• _MATERIAL FOR THIS TASK_:
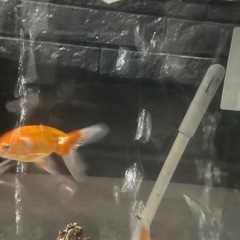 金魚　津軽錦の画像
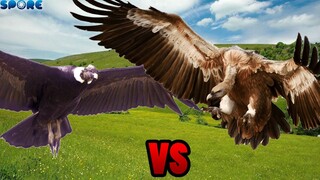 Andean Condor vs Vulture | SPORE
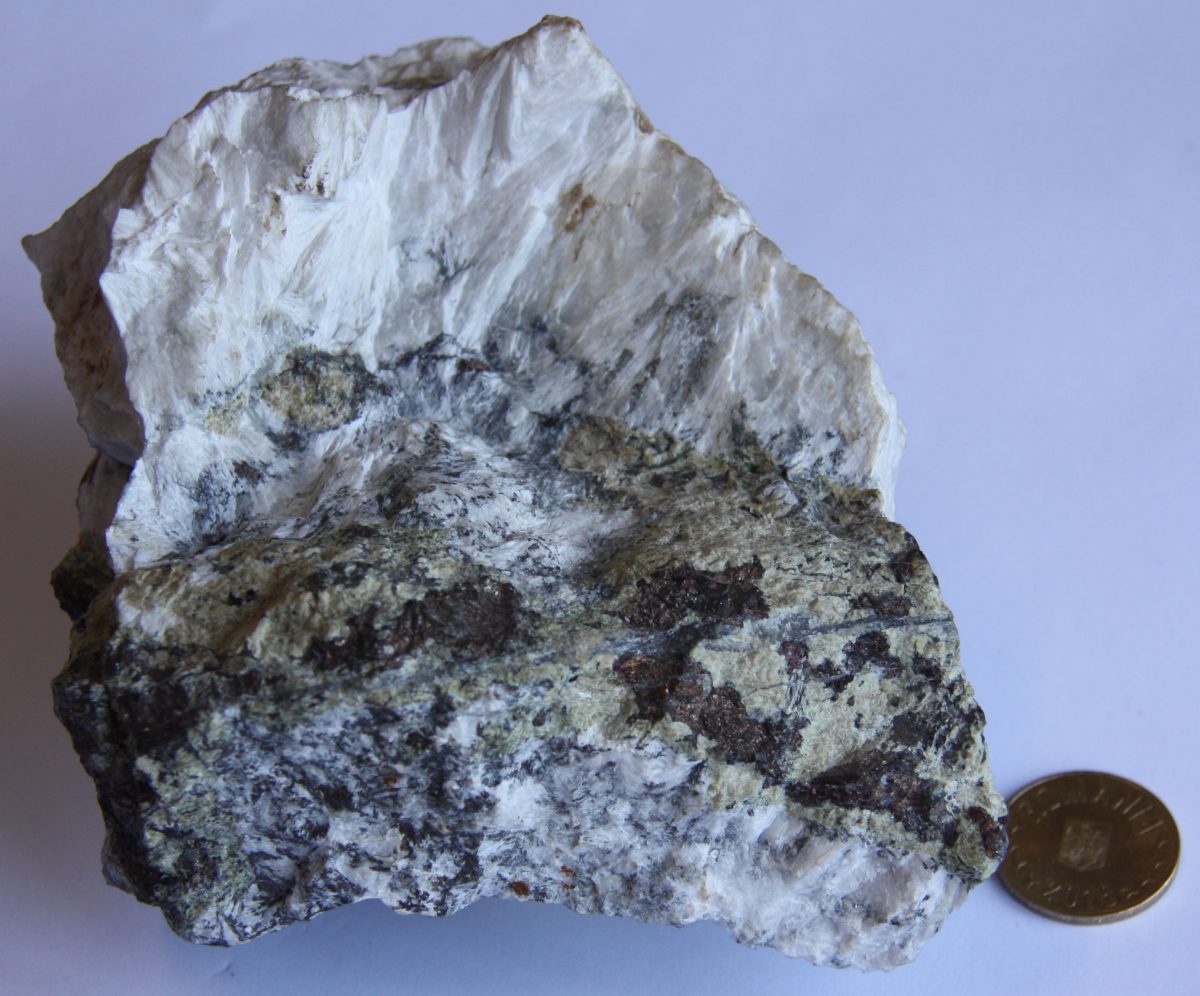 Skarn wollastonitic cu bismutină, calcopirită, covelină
==
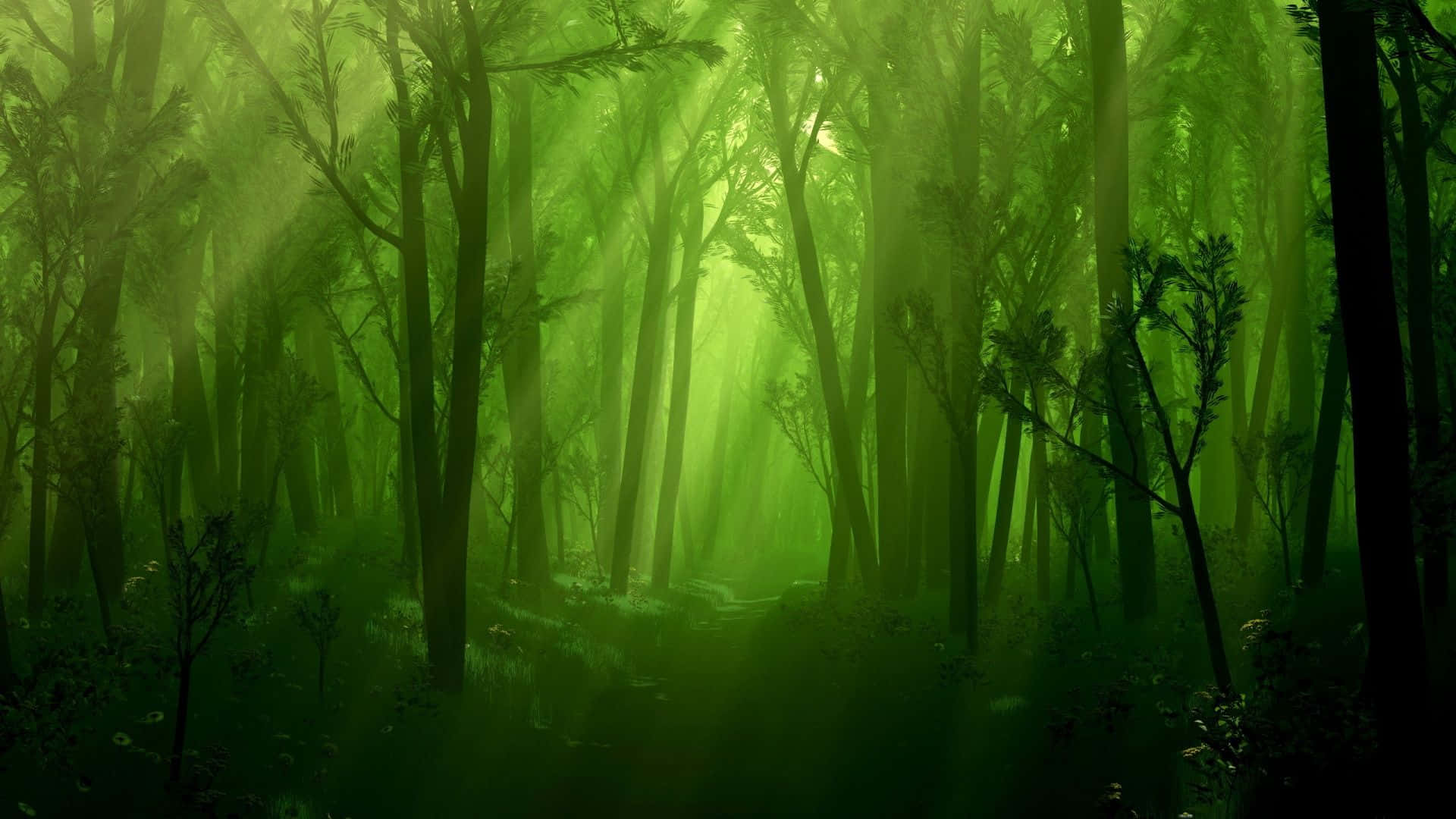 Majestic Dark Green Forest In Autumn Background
* * *
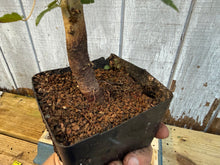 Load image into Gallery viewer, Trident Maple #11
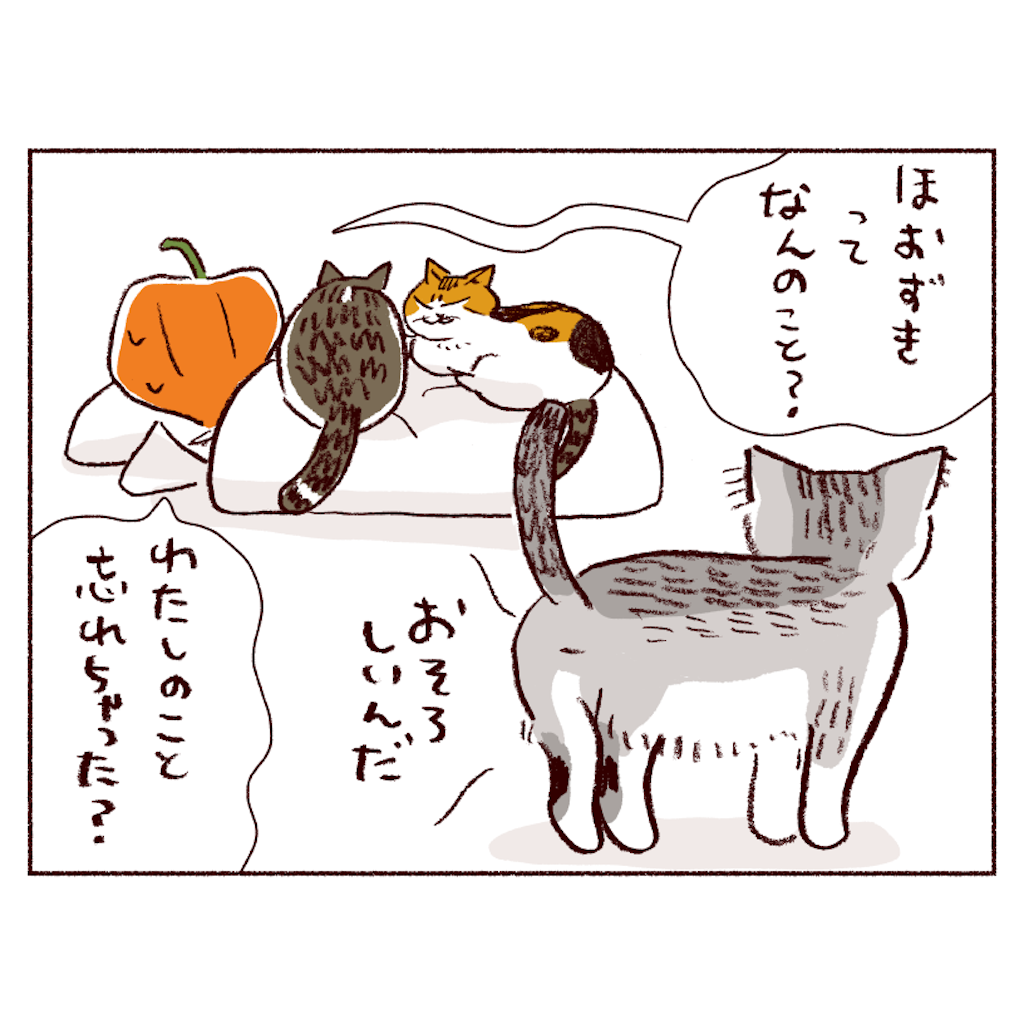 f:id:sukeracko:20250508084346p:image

• _WORK REQUEST_:
In the listing above, find the line containing "Load image into" and the line containing "f:id:sukeracko:20250508084346p:image". Reproduce those lines and all between them exactly, with no pictures and nothing more.

• _TASK OUTPUT_:
 Load image into Gallery viewer, Trident Maple #11
 f:id:sukeracko:20250508084346p:image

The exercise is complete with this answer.